— Extracted information —
--- START ---

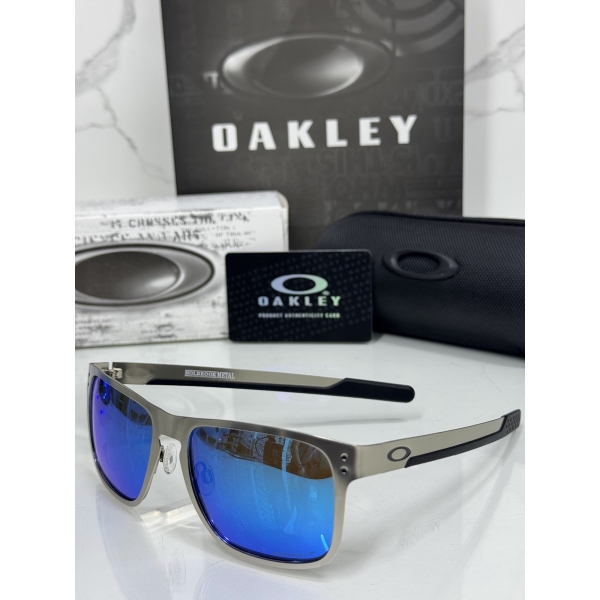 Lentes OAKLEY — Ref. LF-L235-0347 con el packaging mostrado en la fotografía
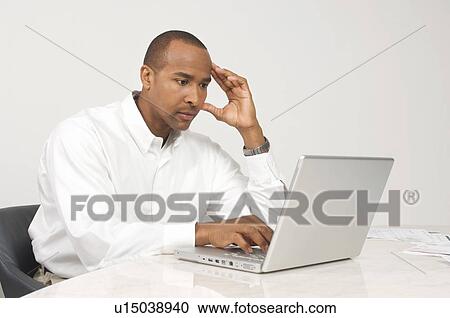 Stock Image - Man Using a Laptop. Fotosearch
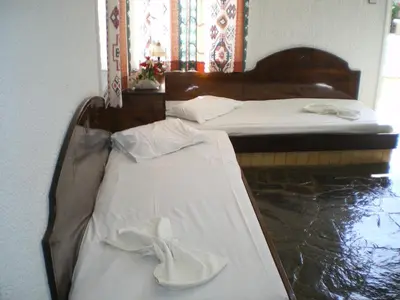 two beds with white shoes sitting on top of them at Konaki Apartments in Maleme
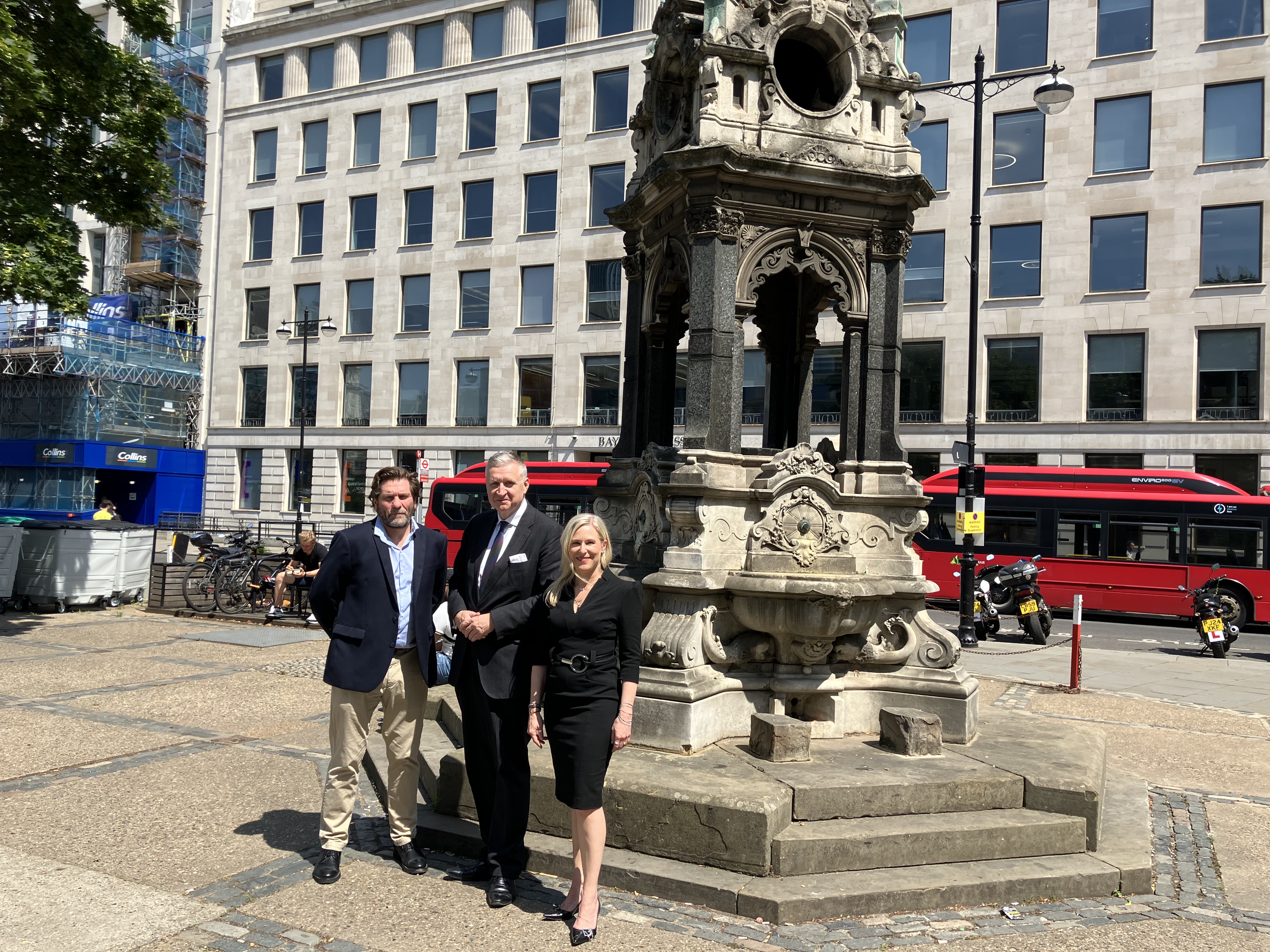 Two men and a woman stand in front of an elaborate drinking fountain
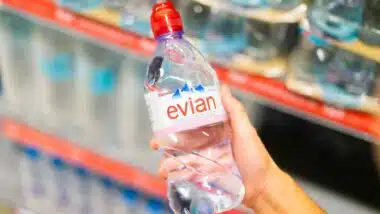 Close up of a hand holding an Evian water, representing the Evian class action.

--- END ---

— Task description —
Write out every line above exactly, minus images.

— Response —
 Lentes OAKLEY — Ref. LF-L235-0347 con el packaging mostrado en la fotografía
 Stock Image - Man Using a Laptop. Fotosearch
 two beds with white shoes sitting on top of them at Konaki Apartments in Maleme
 Two men and a woman stand in front of an elaborate drinking fountain
 Close up of a hand holding an Evian water, representing the Evian class action.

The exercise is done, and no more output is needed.